## The problem
Repeat every entry word for word; omit all pictures.

*** Source material

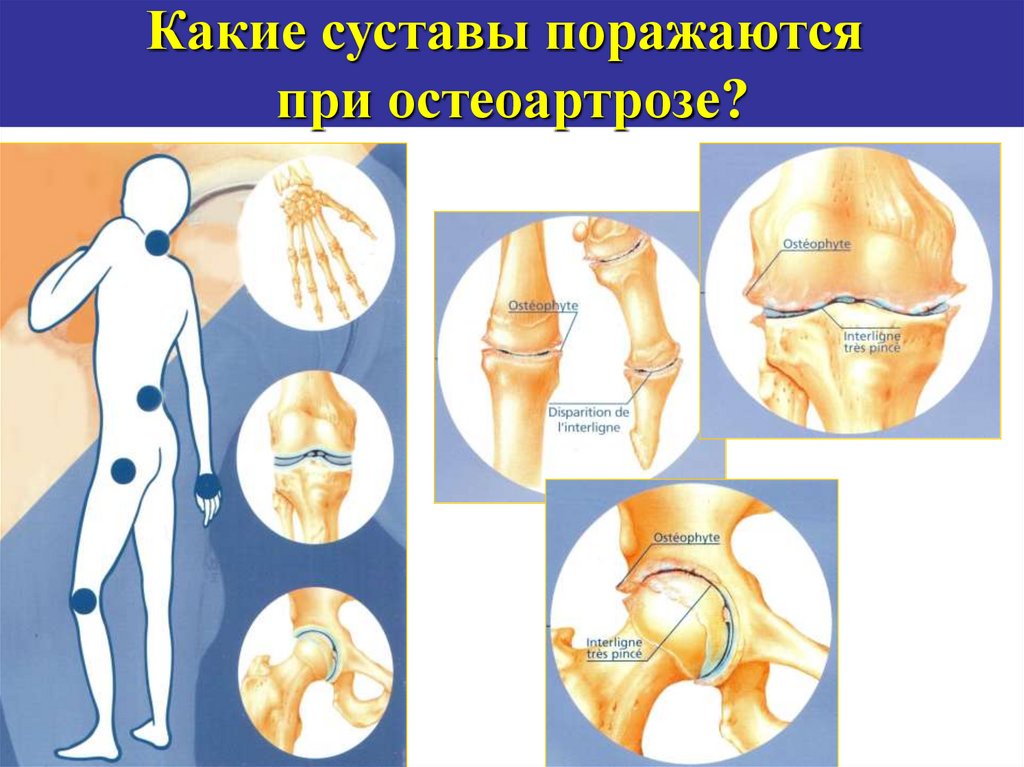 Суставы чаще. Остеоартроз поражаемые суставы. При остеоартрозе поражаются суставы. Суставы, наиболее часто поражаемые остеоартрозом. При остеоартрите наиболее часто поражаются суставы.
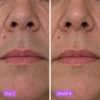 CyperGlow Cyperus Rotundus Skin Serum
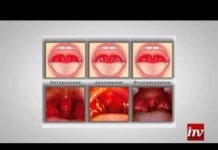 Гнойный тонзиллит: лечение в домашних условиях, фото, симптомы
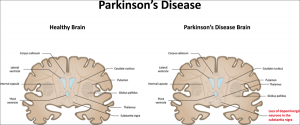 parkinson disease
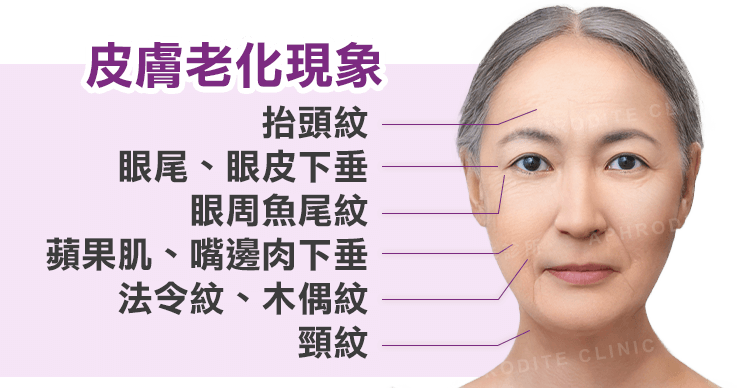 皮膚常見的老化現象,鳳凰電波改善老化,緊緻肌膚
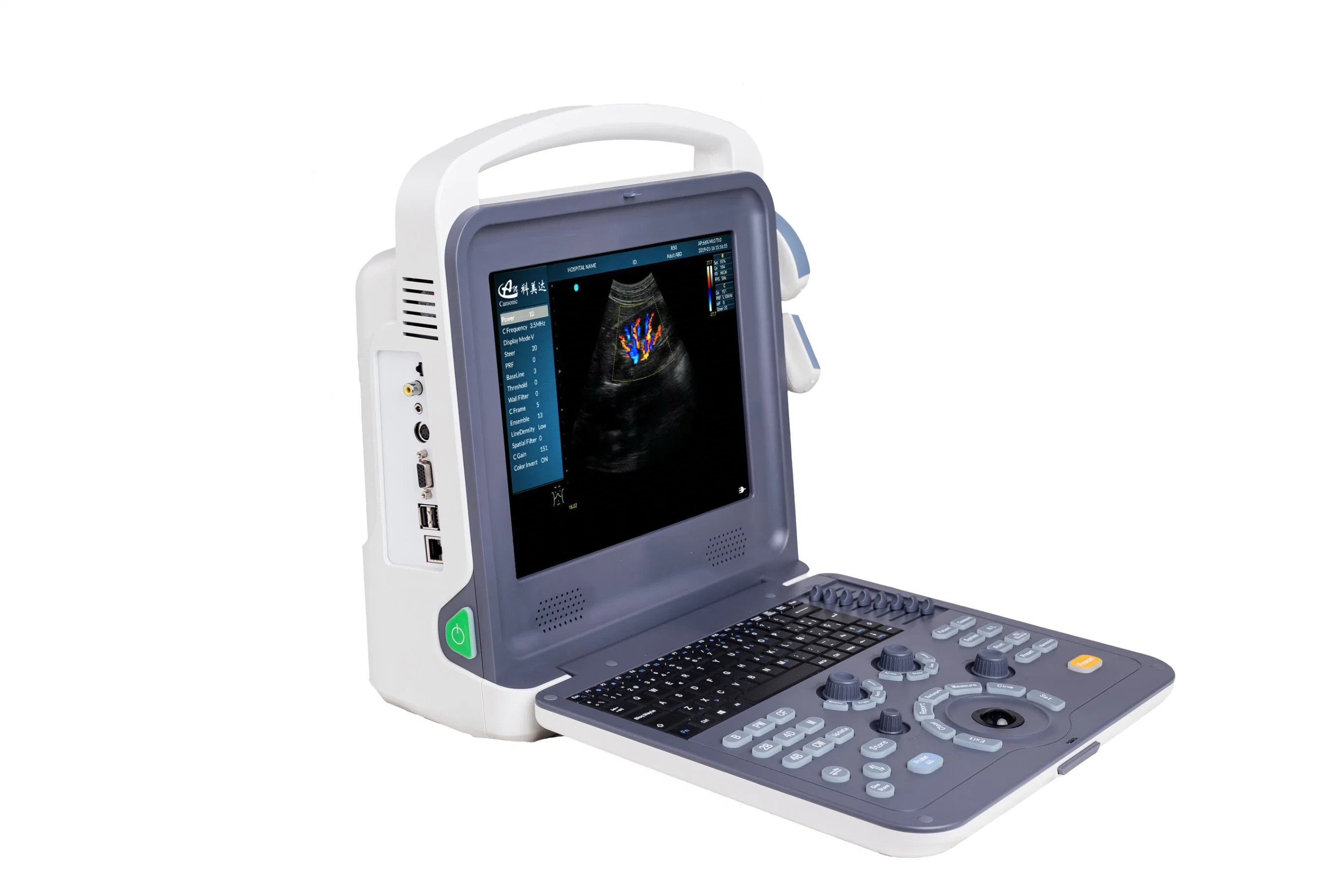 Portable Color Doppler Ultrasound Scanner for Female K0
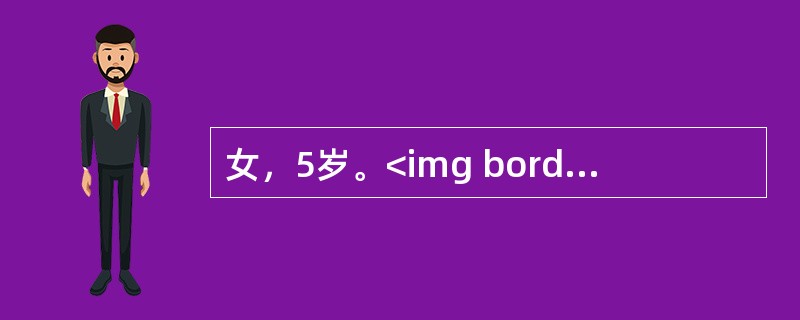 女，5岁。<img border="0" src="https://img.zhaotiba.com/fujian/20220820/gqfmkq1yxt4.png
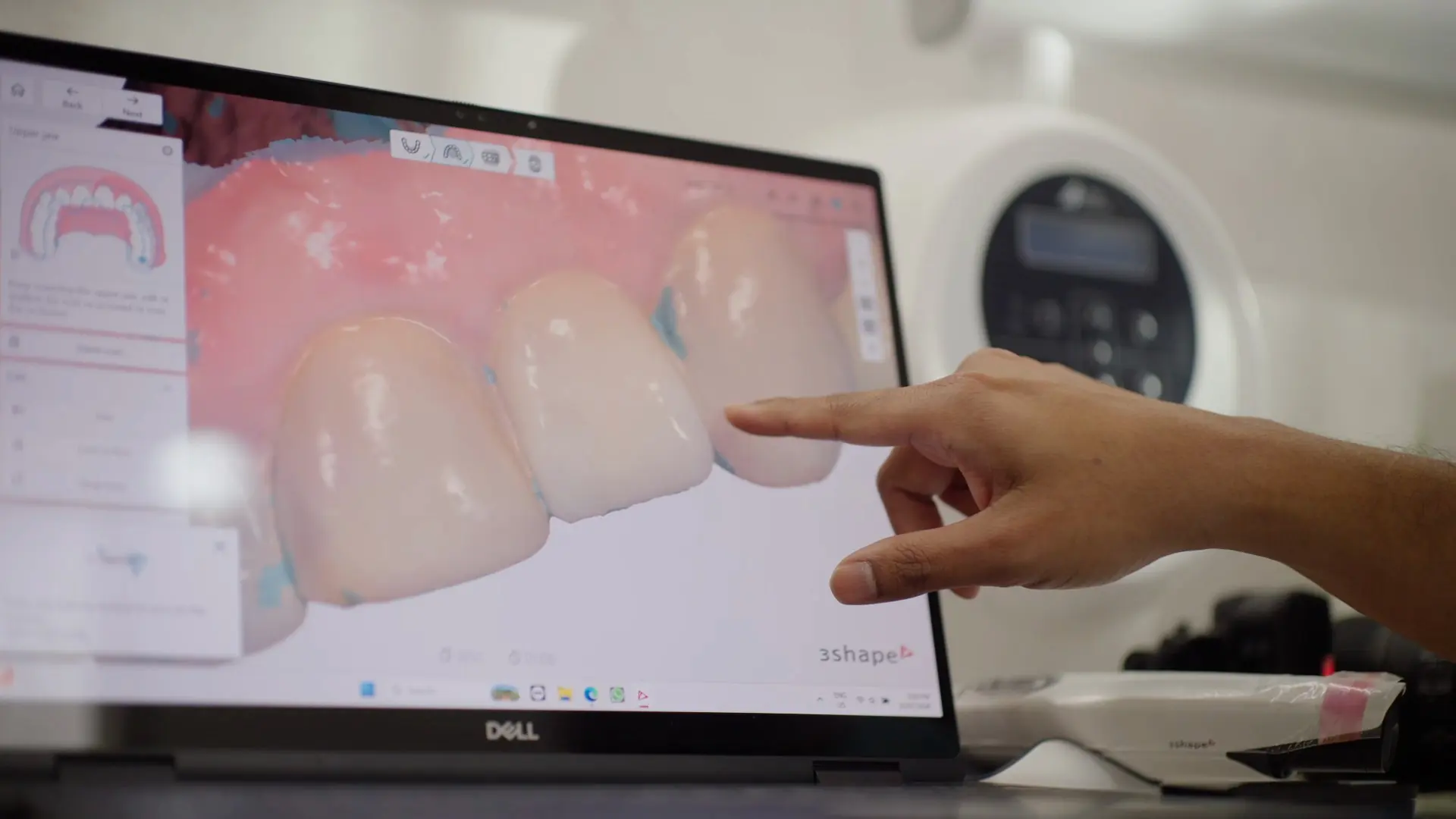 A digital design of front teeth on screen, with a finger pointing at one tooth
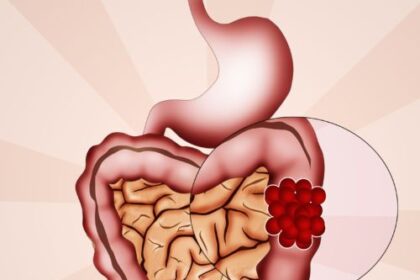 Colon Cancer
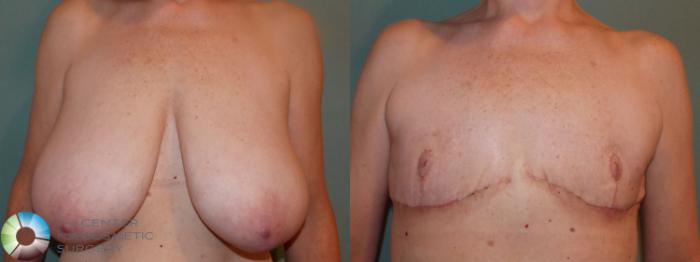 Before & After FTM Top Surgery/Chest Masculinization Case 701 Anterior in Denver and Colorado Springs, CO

******

## Task output
 Суставы чаще. Остеоартроз поражаемые суставы. При остеоартрозе поражаются суставы. Суставы, наиболее часто поражаемые остеоартрозом. При остеоартрите наиболее часто поражаются суставы.
 CyperGlow Cyperus Rotundus Skin Serum
 Гнойный тонзиллит: лечение в домашних условиях, фото, симптомы
 parkinson disease
 皮膚常見的老化現象,鳳凰電波改善老化,緊緻肌膚
 Portable Color Doppler Ultrasound Scanner for Female K0
 女，5岁。<img border="0" src="https://img.zhaotiba.com/fujian/20220820/gqfmkq1yxt4.png
 A digital design of front teeth on screen, with a finger pointing at one tooth
 Colon Cancer
 Before & After FTM Top Surgery/Chest Masculinization Case 701 Anterior in Denver and Colorado Springs, CO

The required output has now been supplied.